Many young South Africans chose not to participate in Wednesday’s elections. “We have the lowest voter registration among young people than we have ever had,” South Africa-based social analyst Tessa Dooms told NPR. “So the uptake for young people aged 18, 19 and 20, which is definitely first-time voters, is below 20% of that cohort.”

Lerato Lekoale, a 31-year-old voter, says it’s a pity so many young South Africans decided not to register to vote, after Mandela and many other anti-apartheid stalwarts risked or gave their lives so that future generations could vote in a free South Africa.

“I’m standing there and thinking, does anyone else get emotional about voting anymore?” she said. “Young people don’t seem to understand what it took to afford us this privilege, this right,” she added.

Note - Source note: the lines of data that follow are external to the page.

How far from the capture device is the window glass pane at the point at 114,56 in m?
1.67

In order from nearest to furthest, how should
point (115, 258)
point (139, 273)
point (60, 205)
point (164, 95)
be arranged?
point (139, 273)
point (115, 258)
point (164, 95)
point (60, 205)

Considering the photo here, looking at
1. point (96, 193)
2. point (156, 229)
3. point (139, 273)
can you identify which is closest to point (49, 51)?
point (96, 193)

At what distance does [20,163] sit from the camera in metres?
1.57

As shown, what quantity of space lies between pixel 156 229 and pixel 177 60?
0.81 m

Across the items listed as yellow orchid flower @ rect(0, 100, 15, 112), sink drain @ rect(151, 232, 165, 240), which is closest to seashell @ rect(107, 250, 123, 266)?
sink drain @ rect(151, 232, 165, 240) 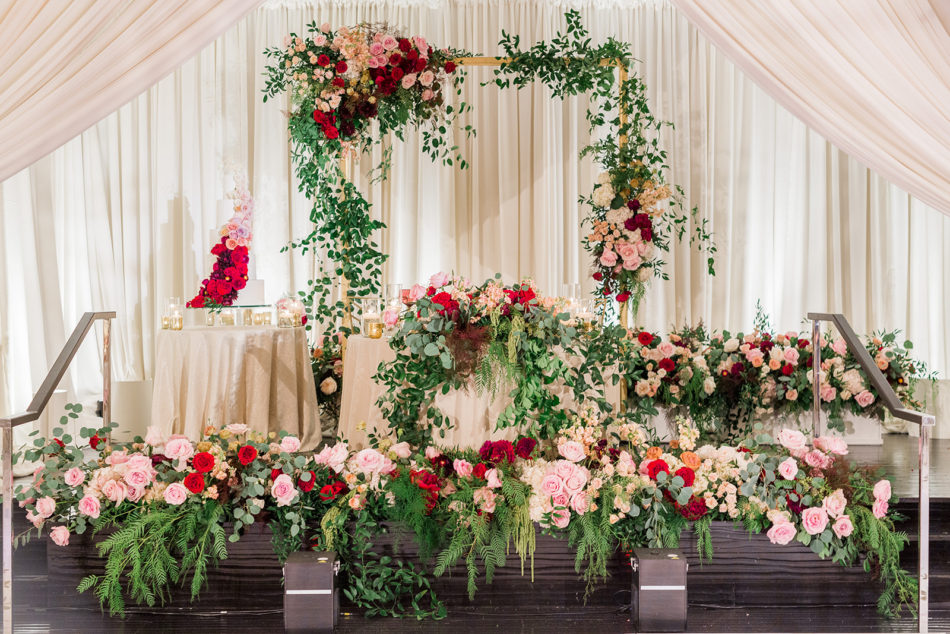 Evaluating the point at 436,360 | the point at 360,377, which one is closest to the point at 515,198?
the point at 360,377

Another voter, Nkosikhulule Nyembezi, told NPR that South Africa is a young democracy that needs to be given a chance. “The troubling thing is that the gap between the haves and the have-nots is widening,” he said.

Former South African President Frederik Willem “F.W.” de Klerk, who preceded Mandela, told news outlet eNCA, “If the ANC wins and President Ramaphosa keeps his promises, things will get better.”

Despite being Africa’s second largest economy, South Africa has an unemployment rate of about 27% and the growth in gross domestic product per capita has been “close to nil since 2014,” according to the World Bank. Inequality has persisted despite the end of apartheid, the financial institution added. In 2015, the richest 10% of South Africa’s population held about 71% of net wealth, while the bottom 60% of the population held 7%.

NPR’s Ofeibea Quist-Arcton contributed to this report.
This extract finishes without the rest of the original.